天天看点

[4]Carbondata integration-presto查询carbondata

1、编译carbondata获得presto connector相关jar.

参考:CarbonData编译与可能的依赖错误

在presto(建议0.210+版本,否则spi接口不一致presto无法识别carbondata)安装目录的plugin目录下新建carbondata目录,将carbondata编译生成的相关jar拷贝到该新建目录:

cd plugin
mkdir carbondata
cp <carbon-data-installation-directory>/integration/presto/target/carbondata-presto-1.5.1-SNAPSHOT/* <presto-installation-directory>/plugin/carbondata

           

2、presto相关配置

这里演示单机presto

在etc/catalog下新建carbondata.properties

connector.name=carbondata
hive.metastore.uri=thrift://localhost:9083 

           
Carbondata becomes one of the supported format of presto hive plugin, so the configurations and setup is similar to hive connector of presto. Please refer https://prestodb.io/docs/current/connector/hive.html for more details.
Note: Since carbon can work only with hive metastore, it is necessary that spark also connects to same metastore db for creating tables and updating tables. All the operations done on spark will be reflected in presto immediately.
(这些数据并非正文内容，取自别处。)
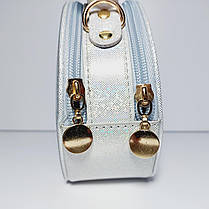 Дитяча лакова сумочка з плаваючіми блискавками для дівчинки довга регульована ручка 1328, фото 3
It is mandatory to create Carbon tables from spark using CarbonData 1.5.2 or greater version since input/output formats are updated in carbon table properly from this version.

其他配置文件参考

(1)config.properties

coordinator=true
datasources=mysql,hive,carbondata
node-scheduler.include-coordinator=true
http-server.http.port=8080
query.max-memory=5GB
query.max-memory-per-node=1GB
discovery-server.enabled=true
discovery.uri=http://localhost:8080

           

(2) jvm.config

-server
-Xmx16G
-XX:+UseG1GC
-XX:G1HeapRegionSize=32M
-XX:+UseGCOverheadLimit
-XX:+ExplicitGCInvokesConcurrent
-XX:+HeapDumpOnOutOfMemoryError
-XX:+ExitOnOutOfMemoryError
-Dcarbon.properties.filepath=/xxxxx/carbon.properties
           
carbon.properties.filepath property is used to set the carbon.properties file path and it is recommended to set otherwise some features may not work. Please check the above example.

(3) node.properties

node.environment=test
node.id=1-1-1-1-1
node.data-dir=/xxx/software/presto212/data
           

(4)log.properties

com.facebook.presto=DEBUG
com.facebook.presto.server.PluginManager=DEBUG
           

3、presto查询

下载配置presto CLI

wget https://repo1.maven.org/maven2/com/facebook/presto/presto-cli/0.210/presto-cli-0.212-executable.jar
mv presto-cli-0.212-executable.jar presto
chmod +x presto

           

已经通过spark,在carbondata建立一张表:

default.test_table

, 具体见:Installing and Configuring CarbonData to run locally with Spark Shell

启动presto,通过CLI连接

./presto --server localhost:8080 --catalog carbondata --schema default


presto:default> show catalogs;
  Catalog
------------
 carbondata
 hive
 jmx
 mysql
 system
(5 rows)

Query 20190322_135336_00000_5vn59, FINISHED, 1 node
Splits: 19 total, 19 done (100.00%)
0:01 [0 rows, 0B] [0 rows/s, 0B/s]

presto:default> use carbondata ;
USE

presto:default> show schemas;
       Schema
--------------------
 default
 hive_test
 information_schema
(3 rows)

Query 20190322_135550_00006_5vn59, FINISHED, 1 node
Splits: 19 total, 19 done (100.00%)
0:00 [3 rows, 49B] [13 rows/s, 224B/s]

presto:default> show tables from default;
                                   Table
----------------------------------------------------------------------------
 test_table
(2 rows)

Query 20190322_135623_00007_5vn59, FINISHED, 1 node
Splits: 19 total, 19 done (100.00%)
0:00 [2 rows, 118B] [5 rows/s, 320B/s]

presto:default> select * from default.test_table;
 id | name  |   city   | age
----+-------+----------+-----
 1  | david | shenzhen |  31
 2  | eason | shenzhen |  27
 3  | jarry | wuhan    |  35
(3 rows)

Query 20190322_135655_00008_5vn59, FINISHED, 1 node
Splits: 17 total, 17 done (100.00%)
0:03 [3 rows, 122B] [1 rows/s, 45B/s]